‘People-to-People’ tourist propaganda scheme paying dividends for Cuba’s Castro dictatorship
When you visit a beautiful and exotic Potemkin Village while on a very short leash and are allowed to view and experience only what your masters allow you to view and experience, the results are pretty predictable. Add into this equation now the fact that most of these Potemkin Village tourists happen to be ignorant and obtuse enough not to realize they are being led on a tour of a non-existent place, and the tour operators have a combination that cannot lose.
That is the entire premise behind the Castro regime's operation of the Obama administration's clumsy and naive "cultural exchange" policy towards Cuba's repressive apartheid dictatorship. Hundreds of ignorant and obtuse American tourists have visited Cuba as part of these propaganda tours swilling down the Castro Kool-Aid, and just as the Western Hemisphere's only totalitarian dictatorship and sponsor of terrorism cunningly planned, they all come back spouting Castro propaganda.
Tours changing American views of Cuba, US policy
HAVANA (AP) — When President Barack Obama reinstated "people-to-people" travel to Cuba in 2011, the idea was that visiting Americans would act as cultural ambassadors for a U.S. constantly demonized in the island's official media.

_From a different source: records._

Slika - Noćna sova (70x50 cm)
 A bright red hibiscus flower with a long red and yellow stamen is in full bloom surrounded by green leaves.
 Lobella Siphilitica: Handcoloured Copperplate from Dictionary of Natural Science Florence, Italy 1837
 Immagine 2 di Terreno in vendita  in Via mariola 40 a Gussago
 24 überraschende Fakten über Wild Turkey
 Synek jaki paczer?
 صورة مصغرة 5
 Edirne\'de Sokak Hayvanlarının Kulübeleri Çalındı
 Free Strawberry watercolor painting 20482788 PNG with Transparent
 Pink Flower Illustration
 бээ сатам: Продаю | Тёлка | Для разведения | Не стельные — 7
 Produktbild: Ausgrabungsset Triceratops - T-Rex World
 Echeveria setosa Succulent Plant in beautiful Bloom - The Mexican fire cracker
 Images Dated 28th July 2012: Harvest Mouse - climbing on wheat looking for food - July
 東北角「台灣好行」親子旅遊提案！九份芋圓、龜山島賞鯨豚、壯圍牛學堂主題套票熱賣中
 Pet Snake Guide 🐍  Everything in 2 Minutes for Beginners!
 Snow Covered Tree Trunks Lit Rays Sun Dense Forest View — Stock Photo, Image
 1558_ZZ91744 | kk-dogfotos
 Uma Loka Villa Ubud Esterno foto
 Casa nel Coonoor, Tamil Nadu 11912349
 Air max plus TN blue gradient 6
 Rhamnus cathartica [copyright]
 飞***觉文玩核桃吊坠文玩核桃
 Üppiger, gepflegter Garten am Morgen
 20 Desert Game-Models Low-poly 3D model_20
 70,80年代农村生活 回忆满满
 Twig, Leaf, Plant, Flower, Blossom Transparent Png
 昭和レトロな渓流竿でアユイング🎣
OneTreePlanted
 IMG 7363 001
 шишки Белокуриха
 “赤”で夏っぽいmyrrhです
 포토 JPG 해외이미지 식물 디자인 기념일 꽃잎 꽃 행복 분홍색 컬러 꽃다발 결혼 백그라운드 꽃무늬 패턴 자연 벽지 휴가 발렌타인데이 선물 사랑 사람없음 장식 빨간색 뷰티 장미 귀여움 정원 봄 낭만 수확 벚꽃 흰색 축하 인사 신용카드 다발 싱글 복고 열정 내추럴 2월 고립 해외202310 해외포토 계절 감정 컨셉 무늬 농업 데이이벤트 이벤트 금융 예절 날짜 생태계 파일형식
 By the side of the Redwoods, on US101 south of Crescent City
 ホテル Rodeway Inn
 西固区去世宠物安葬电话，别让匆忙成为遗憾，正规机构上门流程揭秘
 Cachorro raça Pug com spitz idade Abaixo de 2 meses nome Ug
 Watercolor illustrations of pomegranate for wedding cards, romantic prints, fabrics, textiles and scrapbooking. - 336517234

Two and a half years later, a survey shared exclusively with The Associated Press suggests the trips are not only improving Cubans' views of Americans. They are also changing U.S. travelers' opinions of the Caribbean nation for the better, and dimming their view of Washington policies that have long sought to pressure Cuba's Communist leaders.
"I think U.S.-Cuban relations should be open. People should be talking to each other. People should be sharing," said Ellen Landsberger, a 62-year-old New York obstetrician who recently visited on a people-to-people tour.
"We have this tiny little island that is no threat to the U.S. that we're isolating from the world," she said. "It doesn't make sense."
There's surely significant self-selection among people-to-people travelers; supporters of a hard-line policy against Cuba are unlikely to consider such a tour. And the people who run the trips tend to be more or less sympathetic toward Cuba, or at least to the idea of easing or lifting the 52-year-old U.S. embargo, which could potentially be a boon to their business.
Still, the results of the multiple-choice survey by Friendly Planet Travel, a company based in suburban Philadelphia that promotes legal tours of Cuba, are eye-catching. Three-quarters said they were drawn by curiosity about life in a nation that has been off limits to most Americans for decades.
Before travel, the most prevalent view of Raul Castro's government was "a repressive Communist regime that stifles individuality and creativity," 48 percent of respondents said. That fell to 19 percent after their visits, and the new most-popular view, held by 30 percent of respondents, became the slightly more charitable "a failing government that is destined to fall."
Most striking, 88 percent said the experience made them more likely than before to support ending the embargo against Cuba.